Le thème de la 12e édition du Mois de la Photo à Montréal constitue en soi une prise de position. En inscrivant son projet sous le signe de la « lucidité », la commissaire Anne-Marie Ninacs s’est donné pour mandat de suivre les artistes contemporains dans une « interrogation philosophique » sur la conscience humaine afin d’en dégager les ramifications complexes. Véritable plaidoyer en faveur de la vision, cette proposition esthétique exprime un engagement franc mais nuancé vis-à-vis de l’existence réelle, celle des mondes intérieurs et extérieurs entremêlés. Si c’est d’abord aux œuvres que revient le rôle de nous apprendre à « regarder les choses en face », la publication produite dans le cadre de l’événement fournit un bon outil pour approfondir le spectre des réflexions ouvert par l’idée de lucidité.
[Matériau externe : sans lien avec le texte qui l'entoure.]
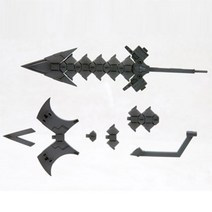 [RA㏓] 코토부키야 웨폰유닛 비스트 소드 리뉴얼 (MW-15R) 프라모델공구 옵션파츠 모형 조립재료 액세서리 건담 도구 ▷_§Ea, 《본상품》, 무옵션<^D#>” class=”wr-img”></a></div></p></div></p></div></p></div><div class=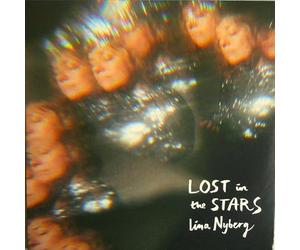 Nyberg, Lina - Lost in the Stars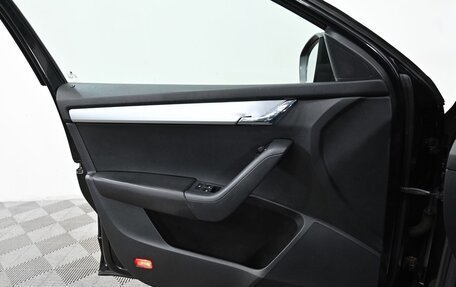 Skoda Octavia, 2013 год, 1 219 000 рублей, 6 фотография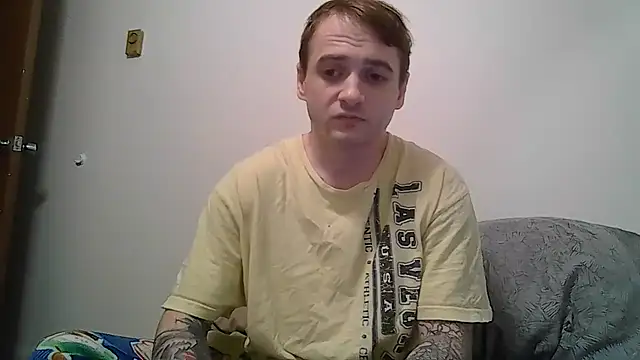 Mr nightfall online show from August 3, 2026, 3:16 am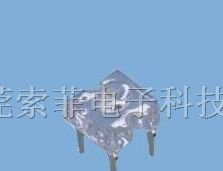 供应食人鱼蓝光LED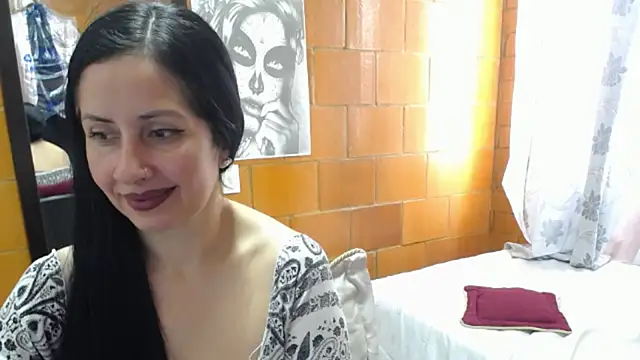 charlote temple online show from 29, 10, 2025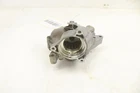 Honda Rincon 680 Fa 07 Front Differential 41400-HN8-A60 50523 Used. Price: $344.99.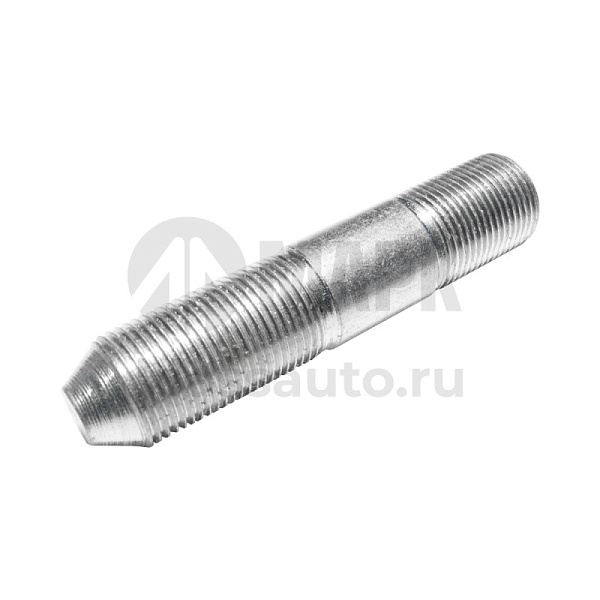 Шпилька М20х1,5-6Gх24х70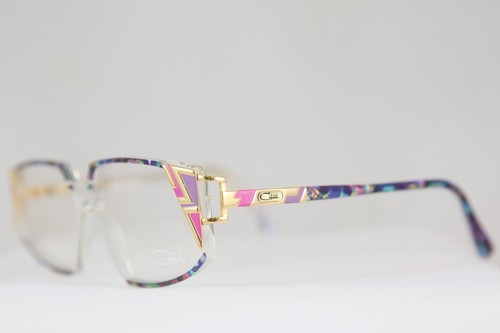 Great vintage cazal 352 nos - great,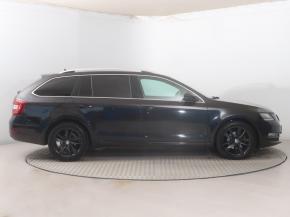 Škoda Octavia  2.0 TDI 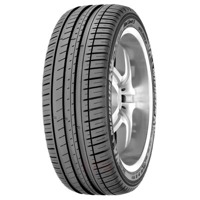 Foto pneumatico: MICHELIN, P.SP.3EL ZP*MOE 275/30 R2020 97Y Estive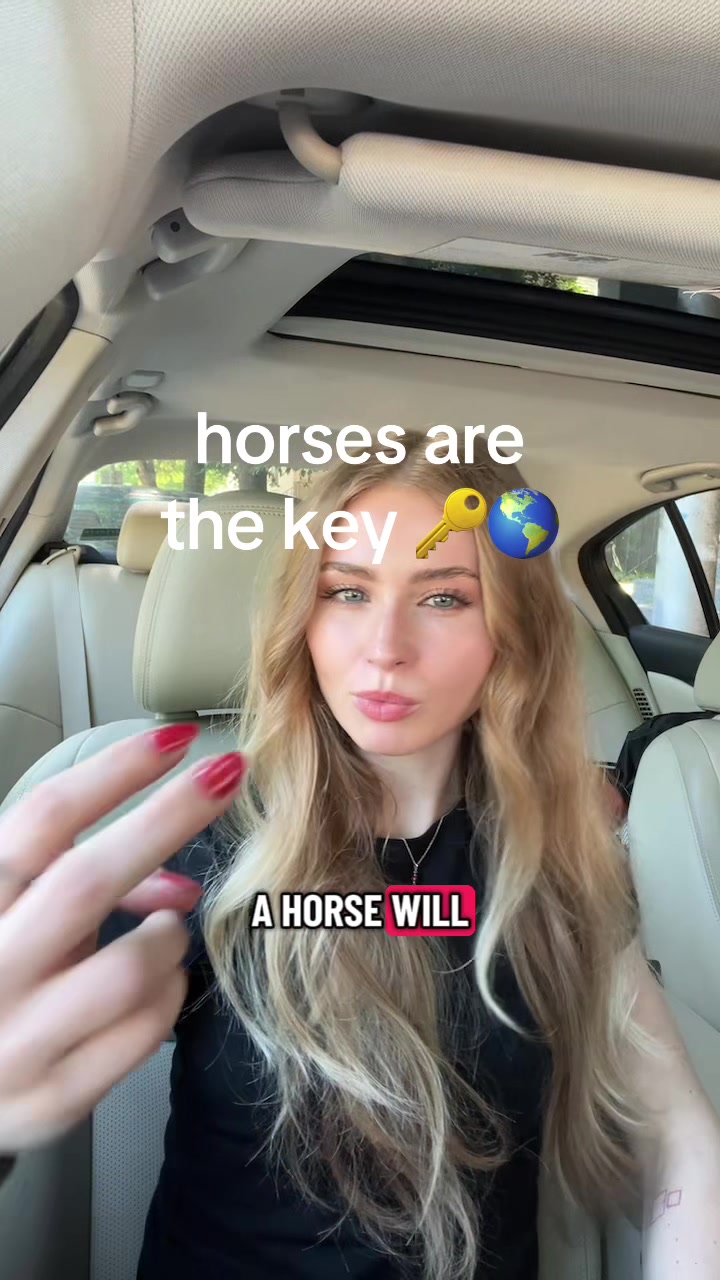 @Annabella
Située entre la phénoménologie et le pragmatisme, la posture théorique de l’ouvrage s’appuie sur un retour à l’expérience. Ninacs aborde cette expérience comme une réalité ambiguë mobilisant les sphères physiques et psychiques à travers l’attention et la perception, mais sans négliger les enjeux sociaux, politiques et éthiques actuels – ce qui constitue la principale force de son propos. L’introduction définit une approche « dialectique » de la lucidité : ni épiphanie ni désillusion, mais entre-deux incertain d’ombre et de lumière, une métaphore filée du début à la fin. Le choix des textes démontre une même prudence à l’égard de la conceptualisation. Cette attitude est bien campée par le philosophe Pierre Bertrand, dont la tâche est d’orienter la problématique. Ce dernier fait l’apologie de la « conscience » visuelle et suggère que « [la] lucidité consisterait alors non pas à tout mettre en lumière, mais à percevoir les limites de la connaissance ». (p. 168) En première partie du livre, la commissaire présente son corpus d’images sous la forme d’un essai visuel, pour ensuite refaire le parcours par écrit en expliquant de manière sensible les connexions intimes perçues entre les œuvres.
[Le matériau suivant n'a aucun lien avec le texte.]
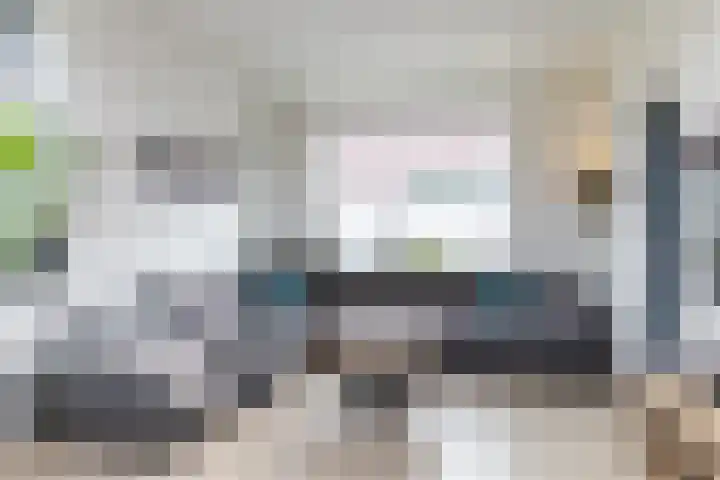 Altaarstraat 91 Schinnen thumbnail 5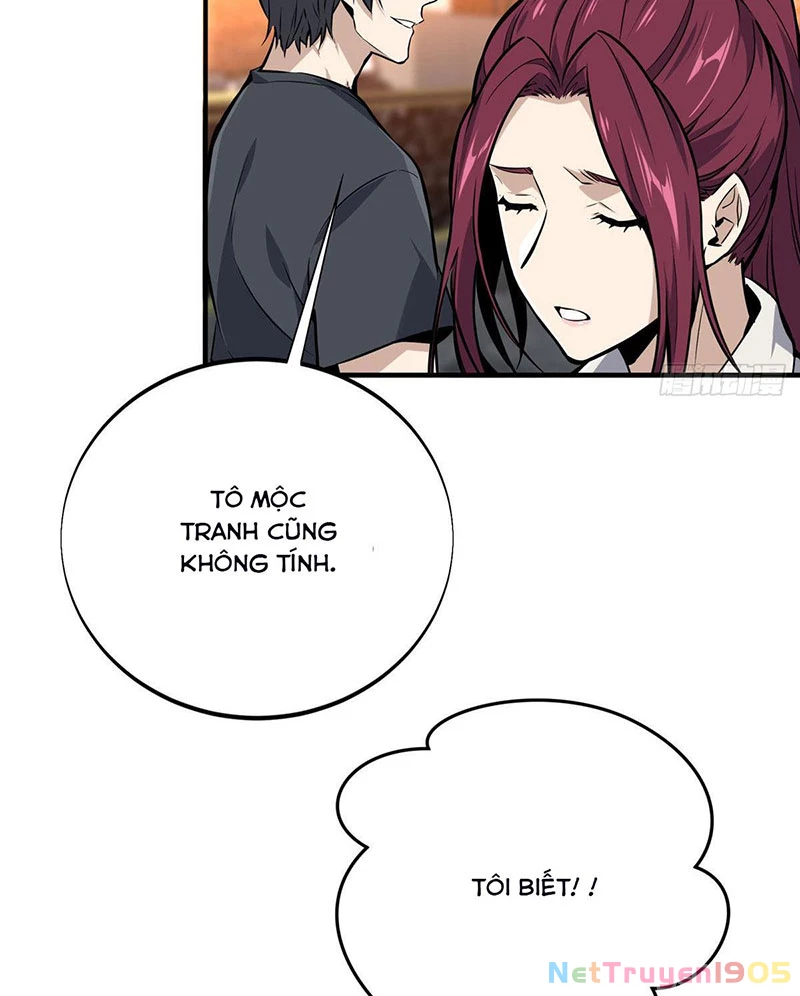 Toàn Chức Cao Thủ Chapter 2 - 11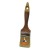 pedzel-angielski-master-premium-2-19903-motive-kwd.jpeg
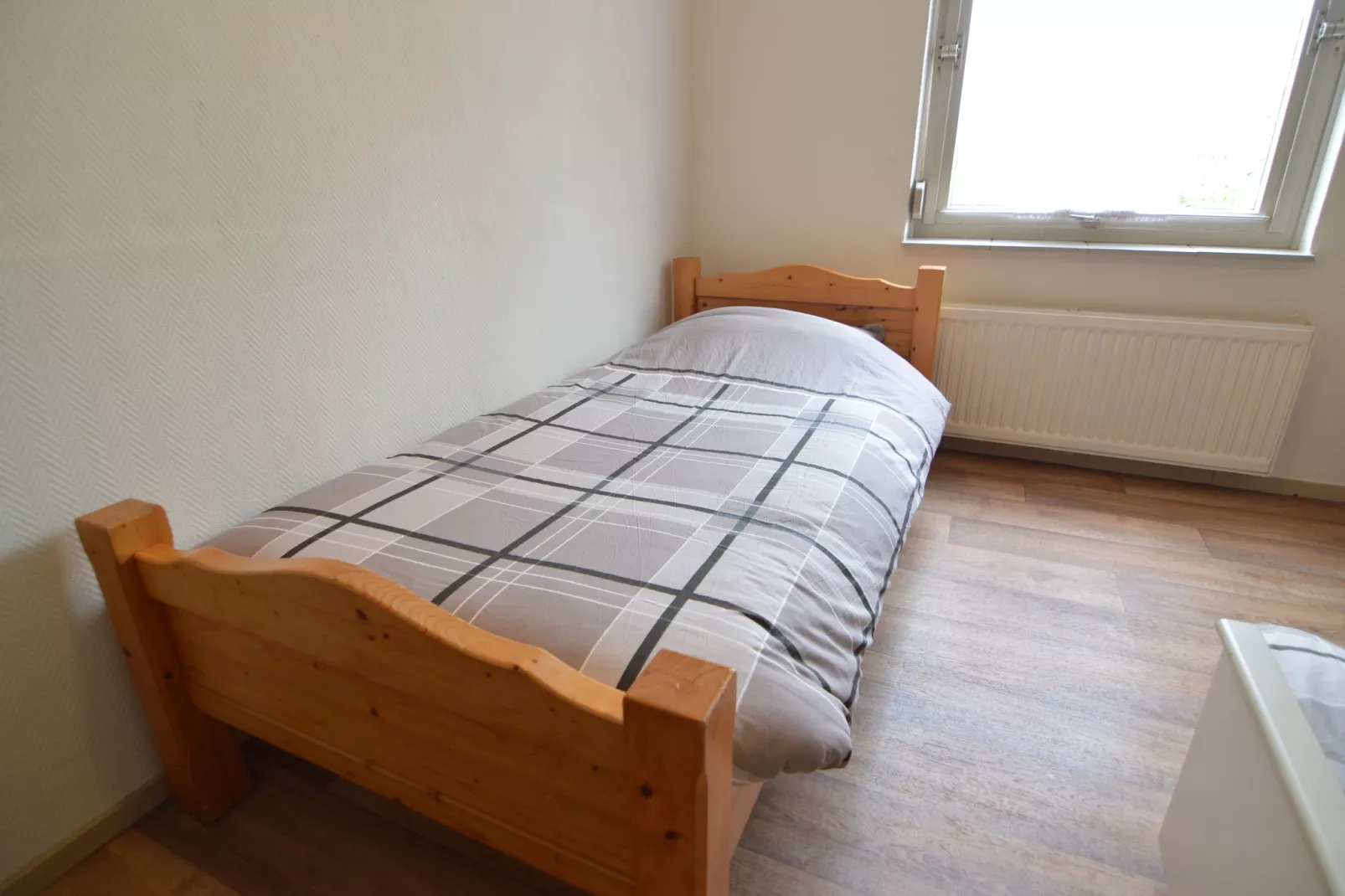 Paradiso-Bedroom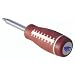 Kansas State Wildcats Pro-Grip Screwdriver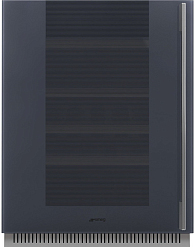 Smeg CVI138LG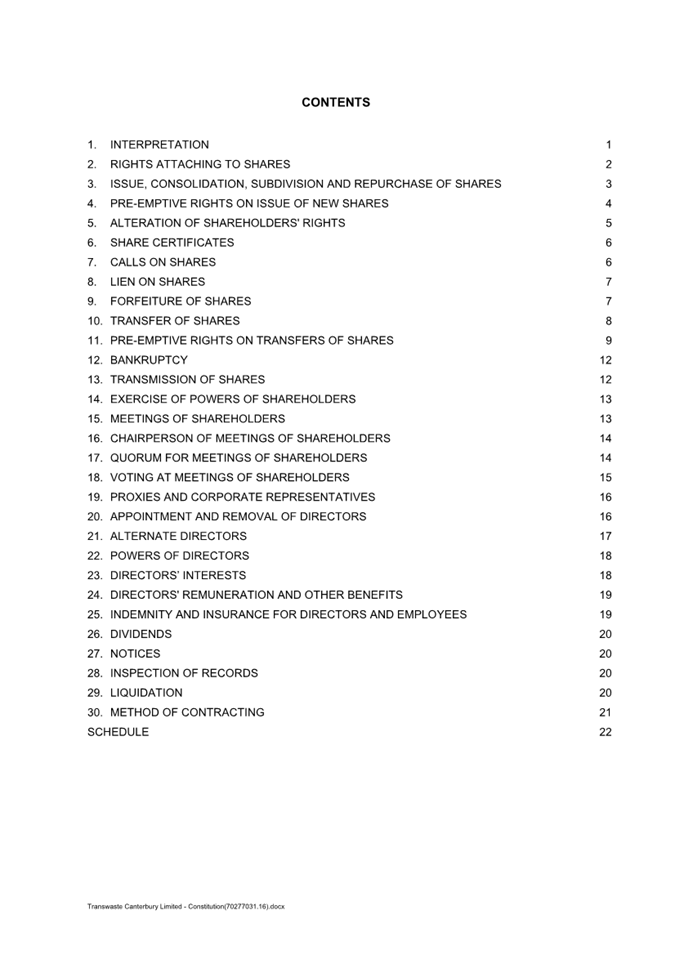 A list of information on a paper

AI-generated content may be incorrect.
Le volume inclut également une étude historique de Roger Lipsey sur la question du spirituel en photographie, extrait traduit d’un ouvrage de 1988, ainsi qu’un entretien de Robert Enright avec Roger Ballen, l’un des 25 artistes exposés. Le moment marquant de la lecture demeure néanmoins l’essai du pragmatiste américain Richard Shusterman, qui discute sa théorie soma-esthétique dans le contexte concret d’une expérimentation avec l’artiste français Yann Toma. Les deux dernières contributions sont celles des théoriciens de l’art Christine Ross et Maxime Coulombe, abordant chacun une modalité de la conscience en lien avec une étude de cas. « Épiphanie et modernité. Note sur le pessimisme », de Coulombe, clôt merveilleusement la réflexion avec un positionnement subtil par rapport à la « potentialité » de l’expérience qui apparaît aujourd’hui aux esprits inquiets de certains artistes et penseurs, tels Giorgio Agamben et Georges Didi-Huberman.